Parallel Hyperparameter Optimization (HPO) on Container Runtime for ML

The Snowflake ML Hyperparameter Optimization (HPO) API is a model-agnostic framework that enables efficient, parallelized hyperparameter tuning of models using popular tuning algorithms.

Today, this API is available for use within a Snowflake Notebook configured to use the Container Runtime on Snowpark Container Services (SPCS). After you create such a notebook, you can:

  • Train a model using any open source package, and use this API to distribute the hyperparameter tuning process

  • Train a model using Snowflake ML distributed training APIs, and scale HPO while also scaling each of the training runs

The HPO workload, initiated from the Notebook, executes inside Snowpark Container Services on either CPU or GPU instances, and scales out to the cores (CPUs or GPUs) available on a single node in the SPCS compute pool.

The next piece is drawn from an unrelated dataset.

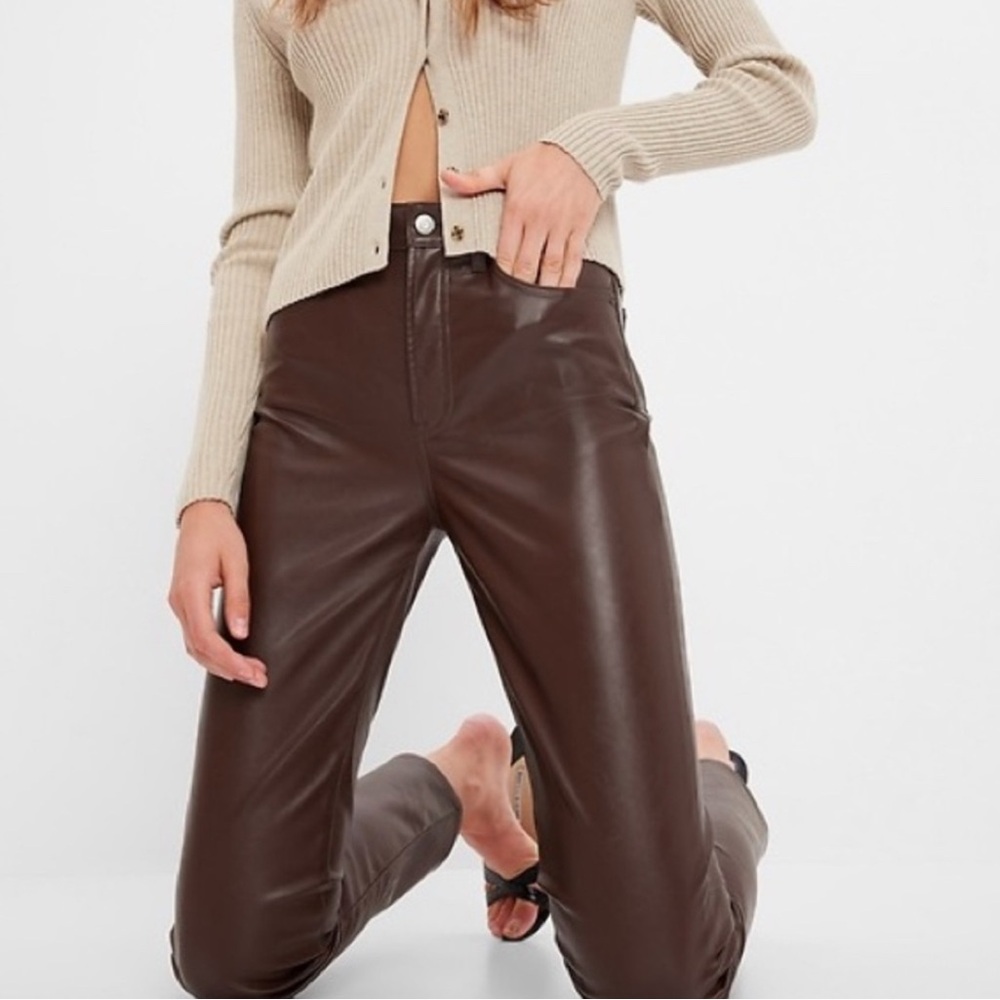 NWT GAP High Rise Vegan Leather Vintage Slim Pants Espresso Brown Size 28 / 6S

The parallelized HPO API provides the following benefits:

  • A single API that automatically handles all the complexities of distributing the training across multiple resources

  • The ability to train with virtually any framework or algorithm using open-source ML frameworks or the Snowflake ML modeling APIs

  • A selection of tuning and sampling options, including Bayesian and random search algorithms along with various continuous and non-continuous sampling functions

  • Tight integration with the rest of Snowflake; for example efficient data ingestion via Snowflake Datasets or Dataframes and automatic ML lineage capture

Examples

This example illustrates a typical HPO use case by first ingesting data from a Snowflake table through the Container Runtime DataConnector API, then defining a training function that creates an XGBoost model. The Tuner interface provides the tuning functionality, based on the given training function and search space.

from snowflake.ml.modeling.tune import get_tuner_context
from snowflake.ml.modeling import tune

# Define a training function, with any models you choose within it.
def train_func():
    # A context object provided by HPO API to expose data for the current HPO trial
    tuner_context = get_tuner_context()
    config = tuner_context.get_hyper_params()
    dm = tuner_context.get_dataset_map()

    model = xgb.XGBClassifier(**config, random_state=42)
    model.fit(dm["x_train"].to_pandas(), dm["y_train"].to_pandas())
    accuracy = accuracy_score(
        dm["y_train"].to_pandas(), model.predict(dm["x_train"].to_pandas())
    )
    tuner_context.report(metrics={"accuracy": accuracy}, model=model)

tuner = tune.Tuner(
    train_func=train_func,
    search_space={
        "n_estimators": tune.uniform(50, 200),
        "max_depth": tune.uniform(3, 10),
        "learning_rate": tune.uniform(0.01, 0.3),
    },
    tuner_config=tune.TunerConfig(
        metric="accuracy",
        mode="max",
        search_alg=search_algorithm.BayesOpt(),
        num_trials=2,
        max_concurrent_trials=1,
    ),
)

tuner_results = tuner.run(dataset_map=dataset_map)
# Access the best result info with tuner_results.best_result
Copy

The expected output looks similar to this:

accuracy  should_checkpoint  trial_id   time_total_s  config/learning_rate  config/max_depth  config/n_estimators
1.0       True               ec632254   7.161971      0.118617              9.655             159.799091

The tuner_results object contains all results, the best model, and the best model path.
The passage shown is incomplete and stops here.